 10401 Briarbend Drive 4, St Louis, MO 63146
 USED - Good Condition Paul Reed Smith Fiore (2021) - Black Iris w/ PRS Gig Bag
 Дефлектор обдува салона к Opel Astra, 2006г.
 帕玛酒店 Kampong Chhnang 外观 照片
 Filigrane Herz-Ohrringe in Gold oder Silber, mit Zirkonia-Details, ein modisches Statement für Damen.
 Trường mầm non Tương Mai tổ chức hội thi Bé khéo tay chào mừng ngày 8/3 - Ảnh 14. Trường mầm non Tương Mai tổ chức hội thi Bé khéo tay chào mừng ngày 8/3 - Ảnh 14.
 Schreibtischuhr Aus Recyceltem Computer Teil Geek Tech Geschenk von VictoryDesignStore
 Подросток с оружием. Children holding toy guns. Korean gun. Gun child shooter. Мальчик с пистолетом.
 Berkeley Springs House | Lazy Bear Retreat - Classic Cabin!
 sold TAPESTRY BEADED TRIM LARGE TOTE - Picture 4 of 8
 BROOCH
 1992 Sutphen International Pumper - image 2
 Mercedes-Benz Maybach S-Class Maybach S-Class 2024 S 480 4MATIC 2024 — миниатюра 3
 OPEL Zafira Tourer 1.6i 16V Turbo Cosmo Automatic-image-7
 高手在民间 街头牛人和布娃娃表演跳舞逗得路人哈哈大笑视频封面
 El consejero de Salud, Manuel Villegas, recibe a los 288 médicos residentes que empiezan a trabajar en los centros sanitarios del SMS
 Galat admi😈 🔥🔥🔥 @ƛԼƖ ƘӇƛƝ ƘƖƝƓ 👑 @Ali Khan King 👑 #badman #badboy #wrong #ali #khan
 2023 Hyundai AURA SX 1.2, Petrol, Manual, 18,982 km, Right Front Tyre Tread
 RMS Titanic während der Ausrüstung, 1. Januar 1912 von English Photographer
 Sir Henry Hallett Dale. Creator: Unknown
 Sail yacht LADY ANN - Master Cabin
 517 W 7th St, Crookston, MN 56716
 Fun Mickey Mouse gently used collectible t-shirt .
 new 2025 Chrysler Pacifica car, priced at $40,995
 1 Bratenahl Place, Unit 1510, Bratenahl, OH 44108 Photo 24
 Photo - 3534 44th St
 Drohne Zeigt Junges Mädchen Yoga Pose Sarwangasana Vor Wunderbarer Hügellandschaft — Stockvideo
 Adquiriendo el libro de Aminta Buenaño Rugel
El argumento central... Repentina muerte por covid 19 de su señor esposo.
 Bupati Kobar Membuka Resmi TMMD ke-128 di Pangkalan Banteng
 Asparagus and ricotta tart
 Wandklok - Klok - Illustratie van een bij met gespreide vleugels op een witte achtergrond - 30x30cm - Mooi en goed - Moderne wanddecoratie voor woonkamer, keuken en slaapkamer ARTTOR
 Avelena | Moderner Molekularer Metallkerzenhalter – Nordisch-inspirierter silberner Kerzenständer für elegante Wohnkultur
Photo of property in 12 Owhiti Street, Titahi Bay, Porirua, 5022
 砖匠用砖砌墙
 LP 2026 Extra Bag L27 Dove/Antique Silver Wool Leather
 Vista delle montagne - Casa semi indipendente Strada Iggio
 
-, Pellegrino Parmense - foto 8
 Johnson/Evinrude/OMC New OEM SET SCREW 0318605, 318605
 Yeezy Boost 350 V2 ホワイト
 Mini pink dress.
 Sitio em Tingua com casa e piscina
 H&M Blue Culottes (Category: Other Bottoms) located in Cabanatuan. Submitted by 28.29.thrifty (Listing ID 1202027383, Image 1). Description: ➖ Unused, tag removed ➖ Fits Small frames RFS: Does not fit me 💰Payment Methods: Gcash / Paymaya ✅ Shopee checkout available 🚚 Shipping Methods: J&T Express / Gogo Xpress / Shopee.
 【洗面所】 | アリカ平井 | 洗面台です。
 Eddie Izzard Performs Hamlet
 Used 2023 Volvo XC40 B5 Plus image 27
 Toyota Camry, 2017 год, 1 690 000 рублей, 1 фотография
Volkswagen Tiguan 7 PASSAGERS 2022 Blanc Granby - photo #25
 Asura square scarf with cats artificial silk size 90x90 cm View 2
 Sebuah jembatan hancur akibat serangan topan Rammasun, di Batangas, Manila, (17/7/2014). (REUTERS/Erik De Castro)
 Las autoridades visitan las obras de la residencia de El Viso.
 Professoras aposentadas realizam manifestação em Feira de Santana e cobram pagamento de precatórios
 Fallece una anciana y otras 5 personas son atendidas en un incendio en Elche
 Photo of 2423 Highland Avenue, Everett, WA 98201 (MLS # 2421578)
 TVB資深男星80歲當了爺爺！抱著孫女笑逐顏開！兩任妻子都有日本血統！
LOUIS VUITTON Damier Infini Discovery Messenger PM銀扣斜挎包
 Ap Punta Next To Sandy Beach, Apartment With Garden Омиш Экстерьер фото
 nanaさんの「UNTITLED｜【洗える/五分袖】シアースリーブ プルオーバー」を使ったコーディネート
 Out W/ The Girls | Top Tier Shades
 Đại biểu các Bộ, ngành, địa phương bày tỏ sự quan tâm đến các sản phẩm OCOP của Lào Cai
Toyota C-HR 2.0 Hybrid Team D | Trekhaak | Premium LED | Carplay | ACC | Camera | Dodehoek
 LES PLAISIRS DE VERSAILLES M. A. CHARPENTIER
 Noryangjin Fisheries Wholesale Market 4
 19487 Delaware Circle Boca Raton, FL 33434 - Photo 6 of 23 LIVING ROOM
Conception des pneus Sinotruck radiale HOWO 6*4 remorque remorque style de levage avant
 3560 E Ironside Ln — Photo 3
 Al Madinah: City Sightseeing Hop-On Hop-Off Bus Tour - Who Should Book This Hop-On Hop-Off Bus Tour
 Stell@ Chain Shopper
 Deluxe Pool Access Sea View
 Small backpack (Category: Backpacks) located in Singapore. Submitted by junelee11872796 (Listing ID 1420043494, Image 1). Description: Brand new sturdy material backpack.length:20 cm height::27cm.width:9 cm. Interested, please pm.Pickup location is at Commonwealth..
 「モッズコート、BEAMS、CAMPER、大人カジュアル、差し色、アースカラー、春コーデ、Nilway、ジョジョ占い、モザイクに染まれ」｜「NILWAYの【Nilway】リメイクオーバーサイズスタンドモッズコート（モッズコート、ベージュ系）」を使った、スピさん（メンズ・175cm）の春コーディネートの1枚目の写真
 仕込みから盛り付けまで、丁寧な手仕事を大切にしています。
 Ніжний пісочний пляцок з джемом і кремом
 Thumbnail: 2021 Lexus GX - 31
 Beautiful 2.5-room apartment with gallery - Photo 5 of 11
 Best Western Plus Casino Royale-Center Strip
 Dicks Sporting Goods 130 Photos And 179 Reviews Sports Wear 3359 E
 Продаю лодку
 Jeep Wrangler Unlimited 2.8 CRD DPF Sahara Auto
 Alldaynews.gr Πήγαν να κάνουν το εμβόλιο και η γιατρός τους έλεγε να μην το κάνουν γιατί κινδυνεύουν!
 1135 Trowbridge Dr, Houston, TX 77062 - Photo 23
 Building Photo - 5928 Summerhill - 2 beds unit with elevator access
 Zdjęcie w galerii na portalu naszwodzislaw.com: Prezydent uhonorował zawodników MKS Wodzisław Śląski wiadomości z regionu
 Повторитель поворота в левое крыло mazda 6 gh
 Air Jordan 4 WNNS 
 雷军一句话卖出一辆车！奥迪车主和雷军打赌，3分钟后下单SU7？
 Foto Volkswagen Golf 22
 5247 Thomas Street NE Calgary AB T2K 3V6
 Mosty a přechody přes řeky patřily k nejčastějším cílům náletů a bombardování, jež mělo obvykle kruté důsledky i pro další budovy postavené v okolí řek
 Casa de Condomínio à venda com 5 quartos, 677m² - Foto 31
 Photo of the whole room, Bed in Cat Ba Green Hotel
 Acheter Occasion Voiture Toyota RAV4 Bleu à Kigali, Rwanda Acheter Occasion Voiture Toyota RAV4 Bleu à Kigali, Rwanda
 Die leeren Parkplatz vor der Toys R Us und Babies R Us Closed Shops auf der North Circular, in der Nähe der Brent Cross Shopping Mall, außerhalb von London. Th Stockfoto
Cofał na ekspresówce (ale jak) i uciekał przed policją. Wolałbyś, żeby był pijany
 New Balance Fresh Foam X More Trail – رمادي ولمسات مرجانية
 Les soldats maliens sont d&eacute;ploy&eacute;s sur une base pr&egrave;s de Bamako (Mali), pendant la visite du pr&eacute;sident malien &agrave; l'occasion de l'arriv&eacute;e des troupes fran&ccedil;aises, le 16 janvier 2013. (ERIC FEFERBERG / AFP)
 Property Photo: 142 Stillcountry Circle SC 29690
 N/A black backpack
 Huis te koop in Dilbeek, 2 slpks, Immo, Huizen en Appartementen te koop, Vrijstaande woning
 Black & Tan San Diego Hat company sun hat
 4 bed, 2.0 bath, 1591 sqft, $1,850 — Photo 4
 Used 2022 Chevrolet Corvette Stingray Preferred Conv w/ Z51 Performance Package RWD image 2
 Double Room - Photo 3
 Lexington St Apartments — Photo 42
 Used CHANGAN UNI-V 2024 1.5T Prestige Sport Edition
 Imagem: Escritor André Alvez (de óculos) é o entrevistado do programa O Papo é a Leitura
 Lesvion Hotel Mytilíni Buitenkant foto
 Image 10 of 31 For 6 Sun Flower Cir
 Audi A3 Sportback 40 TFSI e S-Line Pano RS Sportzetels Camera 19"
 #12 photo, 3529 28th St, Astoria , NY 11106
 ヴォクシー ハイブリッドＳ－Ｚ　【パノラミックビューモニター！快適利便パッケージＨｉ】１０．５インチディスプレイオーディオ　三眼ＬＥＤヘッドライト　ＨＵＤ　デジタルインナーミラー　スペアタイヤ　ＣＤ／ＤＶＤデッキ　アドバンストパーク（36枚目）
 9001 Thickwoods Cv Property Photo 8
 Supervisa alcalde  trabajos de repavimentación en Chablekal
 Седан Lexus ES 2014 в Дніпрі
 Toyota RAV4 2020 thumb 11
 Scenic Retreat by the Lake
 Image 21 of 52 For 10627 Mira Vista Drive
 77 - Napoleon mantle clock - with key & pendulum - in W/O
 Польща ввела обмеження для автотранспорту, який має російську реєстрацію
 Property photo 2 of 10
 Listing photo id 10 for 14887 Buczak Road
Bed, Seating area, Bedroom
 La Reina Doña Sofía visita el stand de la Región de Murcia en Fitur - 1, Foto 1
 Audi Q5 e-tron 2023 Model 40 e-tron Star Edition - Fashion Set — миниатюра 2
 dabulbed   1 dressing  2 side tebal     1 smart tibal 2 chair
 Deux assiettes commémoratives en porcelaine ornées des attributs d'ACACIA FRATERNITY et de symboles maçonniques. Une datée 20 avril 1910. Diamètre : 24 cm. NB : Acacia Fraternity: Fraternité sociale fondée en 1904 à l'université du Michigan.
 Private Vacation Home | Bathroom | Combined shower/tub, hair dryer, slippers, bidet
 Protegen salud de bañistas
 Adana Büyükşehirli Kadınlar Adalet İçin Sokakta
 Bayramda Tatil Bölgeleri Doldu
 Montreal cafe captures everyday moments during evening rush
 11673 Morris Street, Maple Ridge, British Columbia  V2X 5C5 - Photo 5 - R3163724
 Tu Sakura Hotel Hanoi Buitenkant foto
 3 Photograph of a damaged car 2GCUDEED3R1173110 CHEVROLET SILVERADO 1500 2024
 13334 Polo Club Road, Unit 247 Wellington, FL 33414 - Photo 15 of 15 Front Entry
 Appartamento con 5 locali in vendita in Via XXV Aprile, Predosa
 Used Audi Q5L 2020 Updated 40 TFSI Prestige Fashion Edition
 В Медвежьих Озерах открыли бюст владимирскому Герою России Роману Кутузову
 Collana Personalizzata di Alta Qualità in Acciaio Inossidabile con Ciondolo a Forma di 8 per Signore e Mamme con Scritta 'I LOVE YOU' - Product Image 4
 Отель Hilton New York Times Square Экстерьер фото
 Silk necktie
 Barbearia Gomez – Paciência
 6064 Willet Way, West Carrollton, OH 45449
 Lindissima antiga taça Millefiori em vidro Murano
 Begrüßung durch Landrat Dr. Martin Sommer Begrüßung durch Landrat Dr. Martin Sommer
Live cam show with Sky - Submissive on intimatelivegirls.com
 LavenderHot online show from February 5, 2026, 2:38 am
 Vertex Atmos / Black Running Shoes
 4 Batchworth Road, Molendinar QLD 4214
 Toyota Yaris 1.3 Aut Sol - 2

TRY IT: Please copy, exactly and with nothing else, the lines above beginning at the line that has "LES PLAISIRS DE VERSAILLES M. A. CHARPENTIER" and ending with the line that has "3560 E Ironside Ln — Photo 3".

EXPECTED ANSWER:
 LES PLAISIRS DE VERSAILLES M. A. CHARPENTIER
 Noryangjin Fisheries Wholesale Market 4
 19487 Delaware Circle Boca Raton, FL 33434 - Photo 6 of 23 LIVING ROOM
Conception des pneus Sinotruck radiale HOWO 6*4 remorque remorque style de levage avant
 3560 E Ironside Ln — Photo 3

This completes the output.